Oh, man. This is awesome, and it's actually..._true?!_ :shocked:

There needs to be an option to list one's alter ego on this site...


----------



## agokcen (Jan 3, 2010)

If, for whatever reason, y'all care to know:

With the help of my dearest Lady Grey, I've come to the conclusion that I'm still just ENTP. I am, however, in the midst of an intense introverted spell. Also, although I will certainly continue to look into my various nuances, I have come to terms with the fact that I am just a weirdo among the weirdos.

Thanks for your help, dudes. roud:


----------



## ENTPreneur (Dec 13, 2009)

I think it is an ENTP trait (P) to wish to have something to work with, ar ADAPT to. Such as someone elses conversation etc. I can also wait to see if someone is interesting or whatever: I am 100% extrovert but I dont need to cling to someone and blabber in thier ear all the time. The E is about getting energized. 
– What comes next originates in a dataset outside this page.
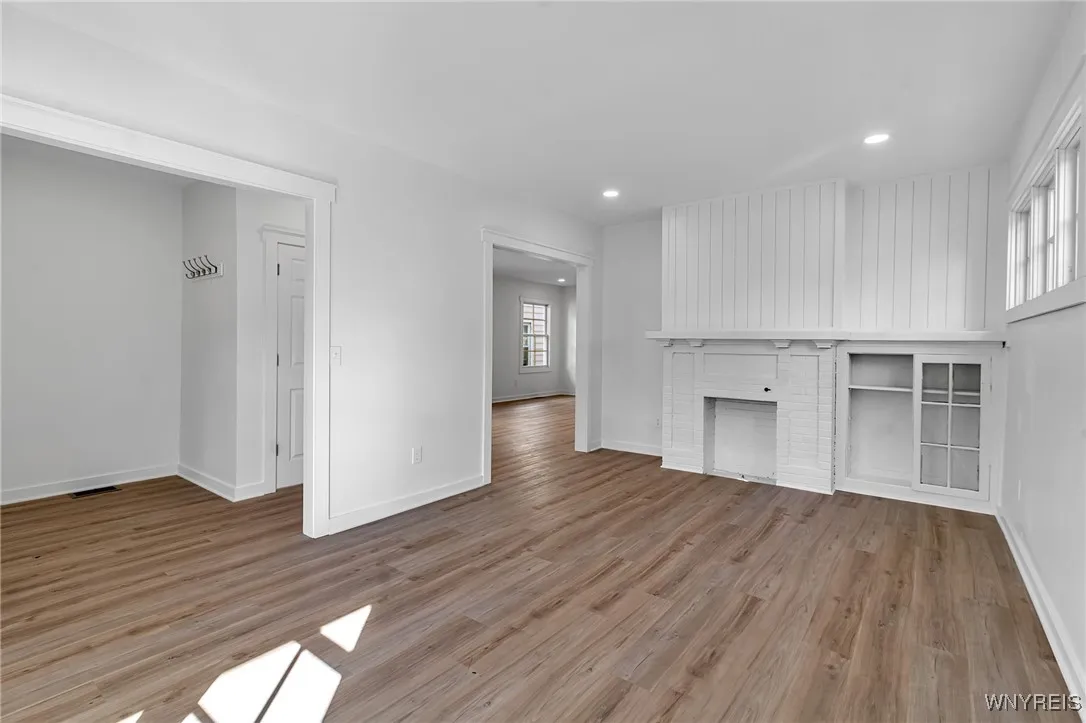 236 Brunswick Boulevard, Buffalo, New York 14208, Buffalo, New York 14208, 5 Bedrooms Bedrooms, ,2 BathroomsBathrooms,Residential,For Sale,236 Brunswick Boulevard, Buffalo, New York 14208,0,B1645596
Most often it would seem that Es are attracted to Is and vice versa. I myself feel like a cross between I and E. There is NOONE who really knows me, and has peeled all the layers of my onion (no sexual joke intended. So you dont have to wear your personality on the outside either. I find Sensors are more WYSIWYG, whereas Ns can take a LOT of time - if even possible - to decipher.


----------